Cell culture contamination ? - (Dec/10/2013 )
We have had something going on in our cell cultures lately and I have a hard time determining what it is. We are culturing breast cancer cell lines (with antibiotics in the media in routine).
It first started with a decrease in the cell proliferation rate. I would seed 2 millions cells in a flask and end up with more or less the same number few days later. Even though the flask looked confluent after harvesting and counting the net increase was almost zero.
I suspected a contamination, changed all media, cleaned everything thouroughly, stopped using the waterbath and started back from frozen stocks but still have the same problem.
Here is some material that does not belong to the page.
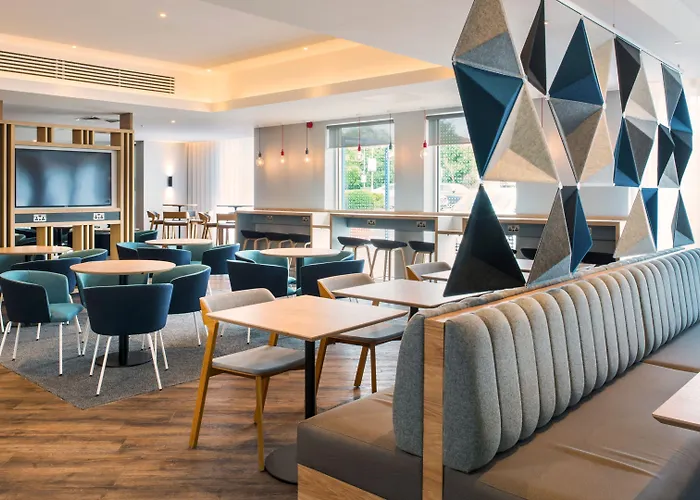 Holiday Inn Express Oxford Kassam Stadium By Ihg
The media's pH or turbidity never changed and I didn't see anything at high magnification on the microscope, so I ruled out bacteria, yeast and fungi.
Mycoplasma infection was fitting the poor proliferation rate (these cells are supposed to be highly proliferative) so I started treatment with BM cyclin for mycoplasma and sent the cells for testing. The test came back negative but the cells are still behaving the same. Then I noticed that if I look at the flask at high magnification after harvesting the cells from it, I see some clumps of dead cells, together with cell debris and a lot of what seems to be cells "skeleton" or cells emptied from their content and little things moving around the cells remnants. I only see that on the flask after the cells have been harvested and never on the flask before harvesting the cells. Could it be intracellular bacteria that are released in the media from dead/contaminated cells upon harvesting? I incubated the cells in antibiotics free media but so far there have been no change in the media's pH or turbidity and nothing can be seen on the scope (but it's just been 24 hours).
I would love to get your feedbacks, since I am running out of ideas and don't know how to take it from there. I would love to test a different antibiotics combo (other than pen/strep) and was wondering what you would recommend.
Thanks in advance for your help!
It could be a number of things. Could you post a photo of the cells as they appear down the microscope, and a photo of the "skeletons".
Are these a primary/non immortal line? Has your batch of FBS changed recently?
They are immortalized cells. We haven't changed our FBS source (same ref, same lot number).
I don't have a pic of the "skeletons" but will try to get one next time I harvest the cells which is the only time I see them floating in the flask once I remove the cell suspension.
I am attaching a pic of the cells. I am wondering what are the punctuation that we see in the cells (they don't move and are refringent)?
The media in the flask where the cells grow in antibiotic free media is still clear after 48 hours, although slightly orange (but the cells are approching confluency). No obvious sign of infection is seen upon inspection of the cells. The cells have the same aspect as the ones growing in media + pen/strep.
Thanks for your feedbacks!
The cells look fine. The refringent dots in the nuclei are nucleoli, dots in the cytoplasm are probably endoplasmic reticuluum or golgi apparatus, but could also be cell-associated bacteria (unlikely unless they proliferate).
Do you prepare your own medium (i.e. do you buy pre-made medium or not)? Are you adding any additives like L-glutamine to the medium? Do you have phenol-red in your medium (breast cells are usually estrogen senstive, phenol red is an estrogen analogue...internalization of the estrogen receptor will slow growth rates)? Have you checked the CO2 concentration of the incubator? Does the medium appear to be buffering correctly in the incubator (incubate some with no cells)?
We buy pre-made medium (with phenol red and glutamax) and add non essential amino acid, FBS and pen/strep (everything is aliquoted). I've tried adding beta estradiol since it is supposed to increase cell proliferation on these cells (they are estrogen receptor positive) but it didn't make a difference.
Haven't physically checked the CO2 concentration in the incubator, the probe indicates the expected CO2%. Haven't check the buffering capacity of medium with no cells. Will do that next! Thanks for the tips!
That's unusual, ER+ cells (e.g. MCF7) usually have a slower growth rate if the receptor is activated and internalized.
A lot of the breast lines are supposed to be grown with insulin too. Though I must admit that I haven't had any problems with the MCF group with regards to this.